Scientists Create Material That Makes Salty Water Safe To Drink

A new innovation that can convert salty seawater into safe, clean drinking water has the potential to transform millions of lives across the globe.

Australian researchers and scientists are using metal-organic framework compounds (or MOFs) together with sunlight to purify water in just half an hour, using a process that’s more efficient than existing techniques.

It’s cheap, it’s stable, it’s reusable, and it produces water that meets the World Health Organisation (WHO) standards for desalination. Around 139.5 litres (nearly 37 gallons) of clean water can be produced per day from a kilogram (2.2 pounds) of MOF material, based on early testing.

After just four minutes of exposure to sunlight, the material releases all of the salt ions it’s soaked up from the water and is ready to be used again. The team behind the new process says it provides several upgrades over existing desalination methods.

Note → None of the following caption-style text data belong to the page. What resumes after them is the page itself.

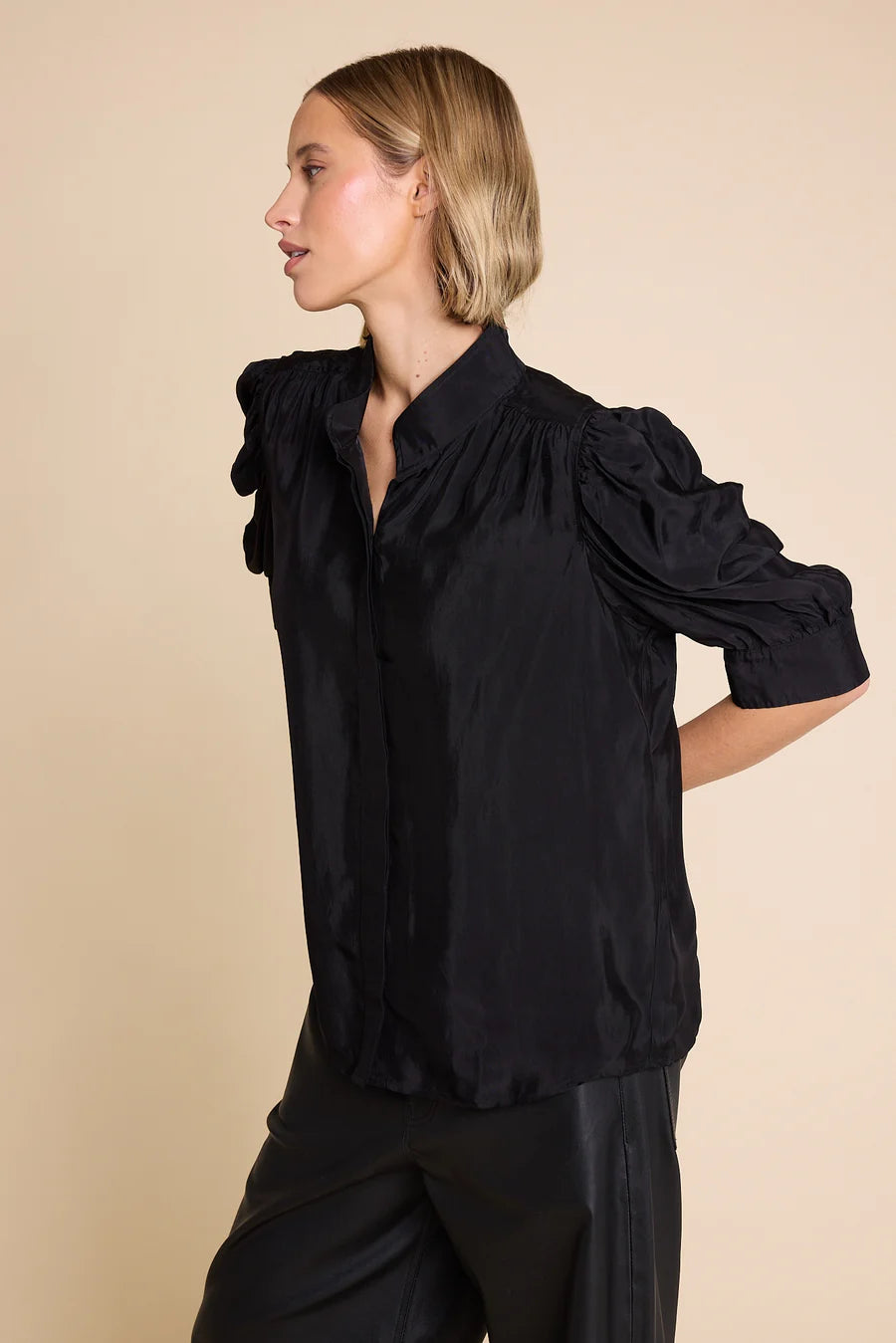 Fiona Viscose Bluse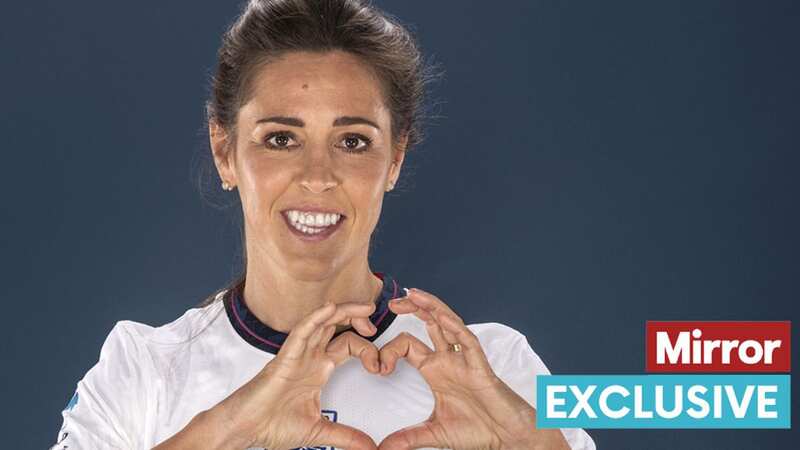 Fara Williams said she wants to focus her efforts on ending homelessness (Image: ©UNICEF/Soccer Aid Productions/Stella Pictures)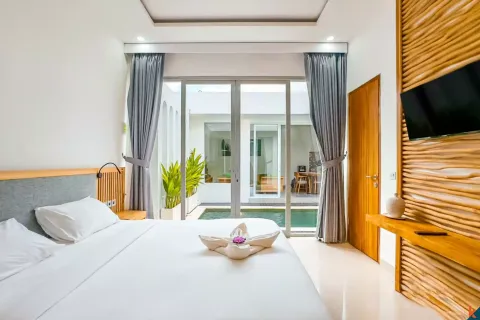 2 bedrooms Villa in Seminyak, Badung, Bali (10854) 12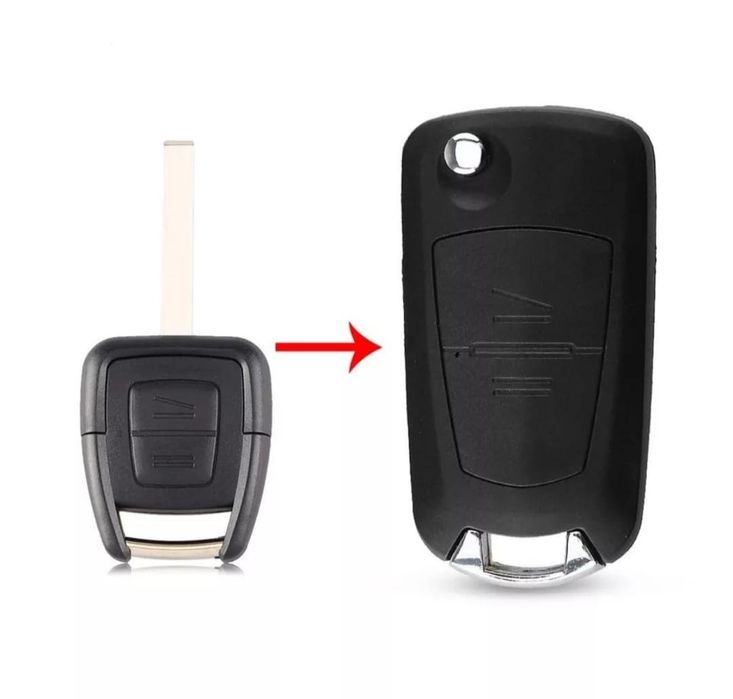 Carcasa Cheie Opel,pentru modificarea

Chemical engineer Huanting Wang from Monash University told Science Alert: “Thermal desalination processes by evaporation are energy-intensive, and other technologies, such as reverse osmosis, have a number of drawbacks, including high energy consumption and chemical usage in membrane cleaning and dechlorination.”

“Sunlight is the most abundant and renewable source of energy on Earth. Our development of a new adsorbent-based desalination process through the use of sunlight for regeneration provides an energy-efficient and environmentally-sustainable solution for desalination.”